Preliminary data indicated January's rate was 8.5 percent - as a milder winter across Europe reduced energy prices.
The EBC signaled further rate rises are on the way, while also keeping the door open to shifting strategy given the uncertainty plaguing global markets.
"In view of the underlying inflation pressures, the Governing Council intends to raise interest rates by another 50 basis points at its next monetary policy meeting in March and it will then evaluate the subsequent path of its monetary policy," the ECB said.
"The Governing Council's future policy rate decisions will continue to be data-dependent and follow a meeting-by-meeting approach," it added.
Uncertain outlook
Speaking at a news conference in Frankfurt, ECB President Christine Lagarde said the global economic outlook remains uncertain.
"Economic activity has slowed markedly since mid-2022 and we expect it to stay weak in the near term.
"Subdued global activity and high geopolitical uncertainty, especially owing to Russia's unjustified war against Ukraine and its people, continue to act as headwinds to euro area growth. Together with high inflation and tighter financing conditions, these headwinds dampen spending and production, especially in the manufacturing sector."
She added that there were green shoots of optimism, with signs that confidence is growing.
"Supply bottlenecks are gradually easing, the supply of gas has become more secure, firms are still working off large order backlogs and confidence is improving."
"Moreover, output in the services sector has been holding up, supported by continuing reopening effects and stronger demand for leisure activities. Rising wages and the recent decline in energy price inflation are also set to ease the loss of purchasing power that many people have experienced owing to high inflation," she said.
Lagarde disputed the interpretation that Thursday's to raise rates by 50 basis points meant the hiking cycle was near the end.
"We know that we have ground to cover, we know that we are not done," Lagarde said.
She reiterated the bank's mantra was to "stay the course" in the fight to bring inflation back down to its target of around 2 percent.
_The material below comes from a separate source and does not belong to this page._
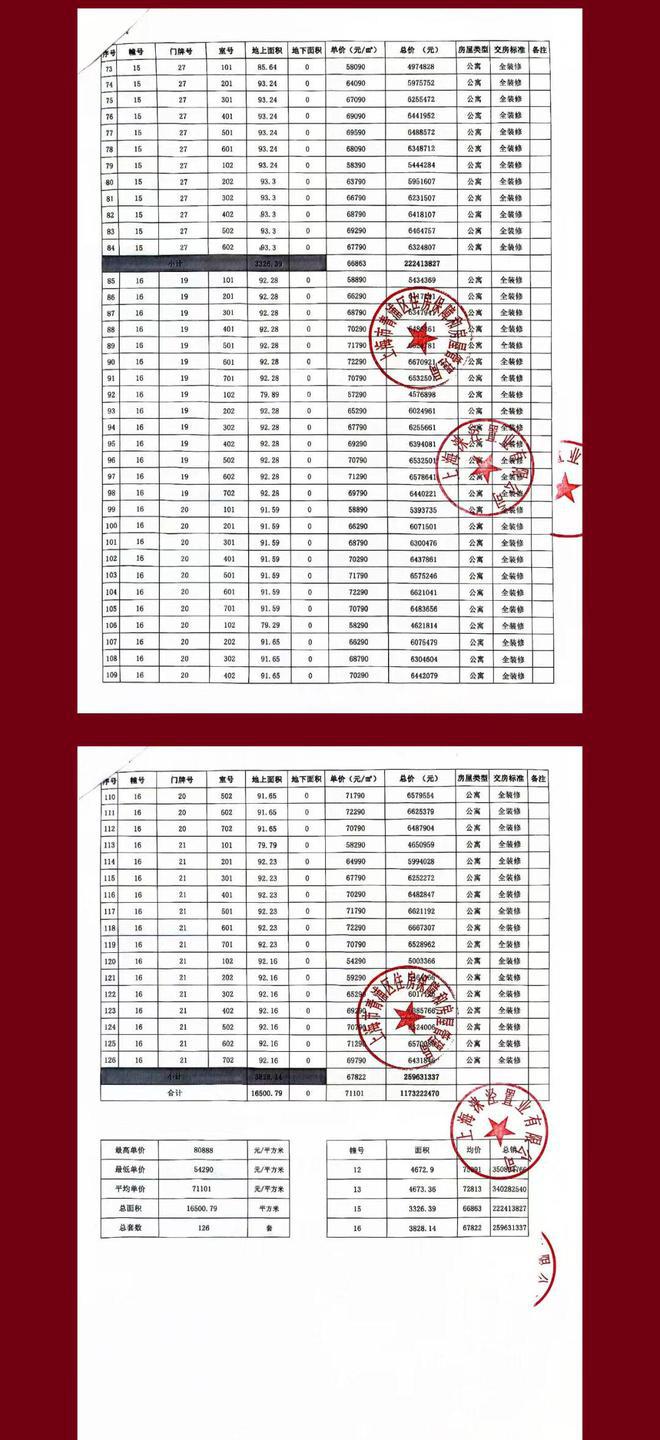 华润虹桥润璟(售楼处电线百度精选_最新价格｜配套(图1)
Outside the bloc, the Bank of England signalled the tide was turning in the UK's battle against high inflation after it raised interest rates on Thursday for the 10th meeting in a row, prompting investors to prepare for the end of its run of higher borrowing costs.
The BoE's interest rate setters voted 7-2 to push Bank Rate to 4.0 percent - its highest since 2008 - from 3.5 percent. The move had been expected by most investors and economists polled by Reuters.